> THE PROBLEM: Print exactly the lines below between the line containing "Inspire Jewelry Custom" and the line containing "Tapis De Souris", counting both of those lines. Leave pictures out.
-------
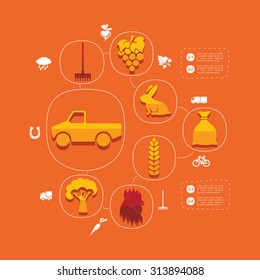 agriculture flat infographic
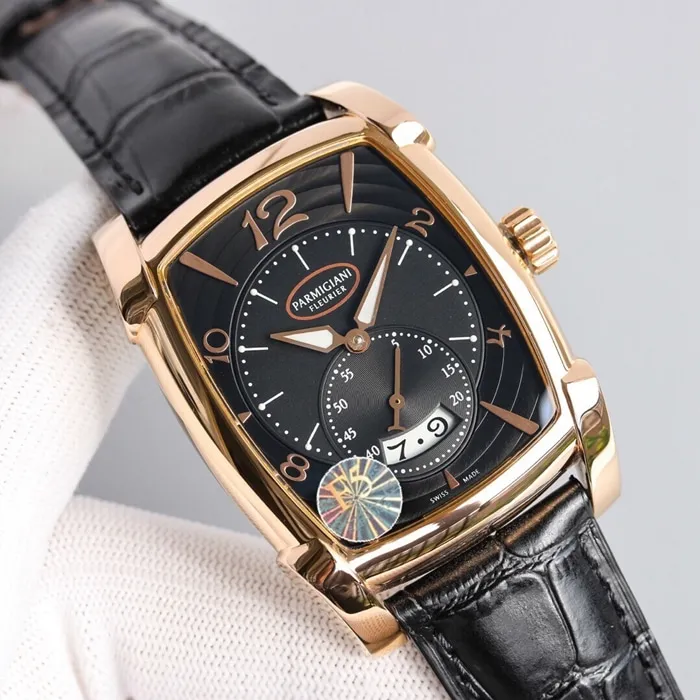 Top-tier watch Parmigiani Fleurier men's gold plate KALPA series fully automatic movementleather strap watch front view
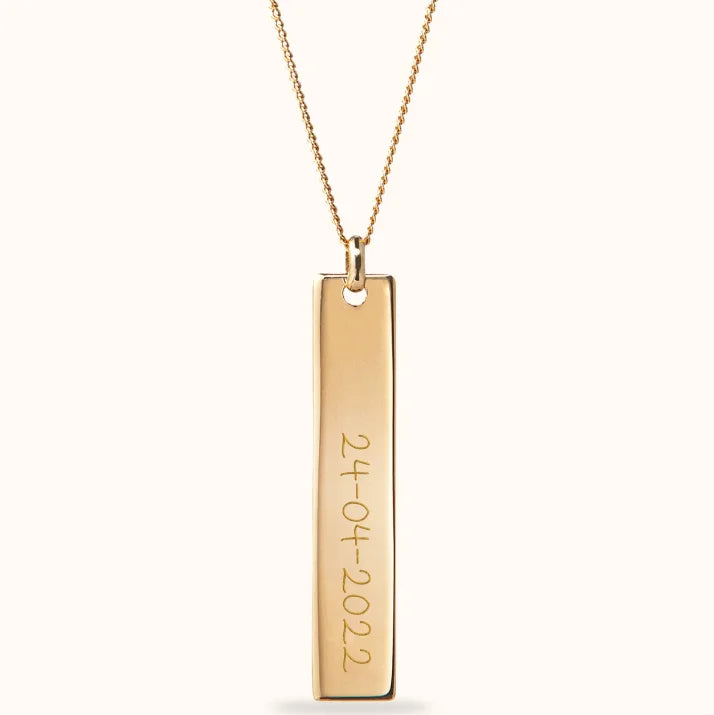 Inspire Jewelry Custom Personalized Stainless Steel Vertical Bar Necklace Free Charm Logo Design Daily Wear Jewelry for Women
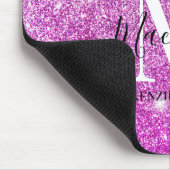 Tapis De Souris Fille rose Ombre Parties scintillant Nom du monogr (Coin)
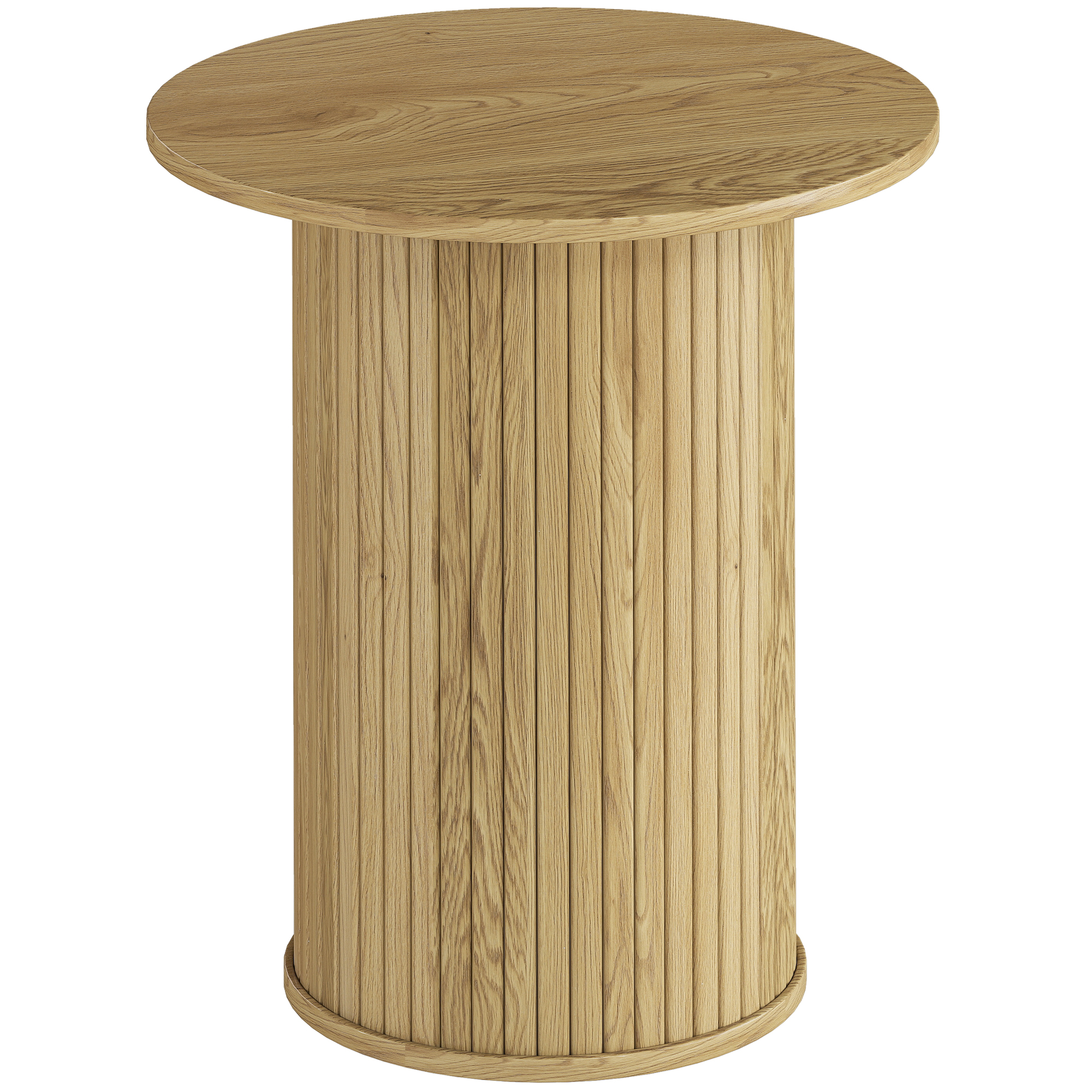 HOMCOM Runder Beistelltisch Ø 48 cm, Couchtisch mit kannelierten Beinen, für Wohnzimmer, Schlafzimmer oder kleine Räume, Eiche Aosom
-------
> ANSWER FOR THIS EXERCISE:
 Inspire Jewelry Custom Personalized Stainless Steel Vertical Bar Necklace Free Charm Logo Design Daily Wear Jewelry for Women
 Tapis De Souris Fille rose Ombre Parties scintillant Nom du monogr (Coin)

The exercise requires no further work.